With trial start date of July 10 looming, Yohn asks for continuance; says case could be one of ‘most complex cases in U.S. history’

Yohn 04242023-2

Bradley Yohn, standing, argues a point during a motion hearing April 24 in Adams County Circuit Court. Seated at front are Assistant State's Attorneys Laura Keck and Josh Jones. Seated behind Yohn is Public Defender Todd Nelson. | File photo by David Adam

QUINCY — Asking for more time to prepare for a case that “has the potential to be one of the most complex cases in U.S. history,” Bradley Yohn filed a motion Tuesday in Adams County Circuit Court asking for a continuance in his trial that is scheduled to begin July 10.

Yohn is charged with home invasion, aggravated kidnapping, aggravated vehicular hijacking and aggravated criminal sexual assault with a weapon — all Class X felonies. He allegedly committed the crimes on Nov. 9, 2021, at the home of Christine “Tina” Lohman Schmitt. Yohn could be sentenced to serve between six and 30 years in the Illinois Department of Corrections if he’s found guilty of any Class X felony.

Yohn asked during a June 16 motion hearing for his case to be continued for a fifth time. He explained he was waiting on a DNA review and a fingerprint analysis, waiting for Public Defender and co-counsel Todd Nelson to find more experts, and said a lack of office supplies makes it difficult for him to create his defense.

In denying the motion for a continuance, Judge Roger Thomson appeared to have had enough of what he called Yohn’s “delay tactics.”

Yohn’s motion filed Tuesday was a “request to reconsider prior motion to continue.” He is scheduled to be in court Friday morning for a pre-trial hearing.

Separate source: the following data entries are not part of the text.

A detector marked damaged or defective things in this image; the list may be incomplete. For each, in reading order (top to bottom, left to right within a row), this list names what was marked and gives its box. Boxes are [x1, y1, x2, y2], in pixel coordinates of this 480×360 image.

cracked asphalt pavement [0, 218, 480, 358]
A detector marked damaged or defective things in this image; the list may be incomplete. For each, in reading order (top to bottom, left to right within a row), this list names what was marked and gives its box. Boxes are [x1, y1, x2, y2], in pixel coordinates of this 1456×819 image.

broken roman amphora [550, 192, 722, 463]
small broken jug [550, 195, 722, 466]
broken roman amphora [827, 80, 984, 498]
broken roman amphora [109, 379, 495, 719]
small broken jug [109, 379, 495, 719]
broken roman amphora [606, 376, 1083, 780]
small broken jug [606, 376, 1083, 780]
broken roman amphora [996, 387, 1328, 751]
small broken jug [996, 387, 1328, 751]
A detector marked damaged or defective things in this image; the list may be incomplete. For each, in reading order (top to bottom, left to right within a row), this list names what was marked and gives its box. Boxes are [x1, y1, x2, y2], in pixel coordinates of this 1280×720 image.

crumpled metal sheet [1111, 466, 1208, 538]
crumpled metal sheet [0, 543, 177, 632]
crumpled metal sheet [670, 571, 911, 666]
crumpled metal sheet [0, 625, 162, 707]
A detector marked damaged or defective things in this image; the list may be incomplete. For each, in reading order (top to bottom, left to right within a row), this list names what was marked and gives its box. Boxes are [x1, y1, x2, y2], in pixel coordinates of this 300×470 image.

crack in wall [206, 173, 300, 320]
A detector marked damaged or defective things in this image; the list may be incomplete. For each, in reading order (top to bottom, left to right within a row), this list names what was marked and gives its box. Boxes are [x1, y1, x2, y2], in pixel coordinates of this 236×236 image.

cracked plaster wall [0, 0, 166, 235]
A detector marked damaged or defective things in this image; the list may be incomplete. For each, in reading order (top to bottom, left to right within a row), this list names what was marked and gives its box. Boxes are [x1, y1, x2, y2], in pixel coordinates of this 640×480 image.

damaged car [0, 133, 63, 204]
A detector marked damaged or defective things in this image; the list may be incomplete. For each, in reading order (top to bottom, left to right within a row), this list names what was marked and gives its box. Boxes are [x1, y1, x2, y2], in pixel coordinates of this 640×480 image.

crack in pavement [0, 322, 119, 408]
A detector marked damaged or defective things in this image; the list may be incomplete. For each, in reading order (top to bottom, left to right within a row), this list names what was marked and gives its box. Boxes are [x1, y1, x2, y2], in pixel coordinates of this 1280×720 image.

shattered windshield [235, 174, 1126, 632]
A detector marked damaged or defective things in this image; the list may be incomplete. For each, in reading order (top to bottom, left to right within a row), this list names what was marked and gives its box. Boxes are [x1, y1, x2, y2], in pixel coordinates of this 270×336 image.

“The defendant, as a pro se litigant, honestly and truly does not want to have to continue (the) trial, as he does not like the prejudiced treatment he receives in this county penal and judicial system,” Yohn wrote. “Due to such prejudiced treatment and denials to defendant, the defendant has been delayed and not by his own cause.”

Yohn claimed he has been denied “all naturally and automatically given” rights and privileges in the jail and hasn’t created any issues to be denied. He claims he has been denied his right to communicate with courts and others so he can prepare a proper defense.

He claims his inability to log on to a kiosk account to do research is not “accidental or an error.” Instead he believes the tactics are “intentional by those of this county” to delay his defense.

“The courts are forcing him to trial unprepared because of these tactics,” Yohn wrote.

Yohn also said he has not received items he has asked the court to provide and is being denied proper communication methods, despite having created “no disciplinary problems.”

“The defendant has addressed this issue again, and the courts simply disregarded the issue and acted as if it has no value and no impact on the defendant,” he wrote.

Yohn noted other “much less complex cases” in Adams County have been on the docket for five years or more.

He also said some of the decisions rendered by Thomson may be giving him the basis for “a good appeal.”

“However, (I don’t) wish to have to go through those stages,” Yohn wrote. “(I’m) already not qualified to represent (myself) in the here and now.”

He concluded by saying he prays that the court “not be so hard on him and force him into trial unprepared in a case of history-making complexity. This case has the potential to be one of the most complex cases in U.S. history.”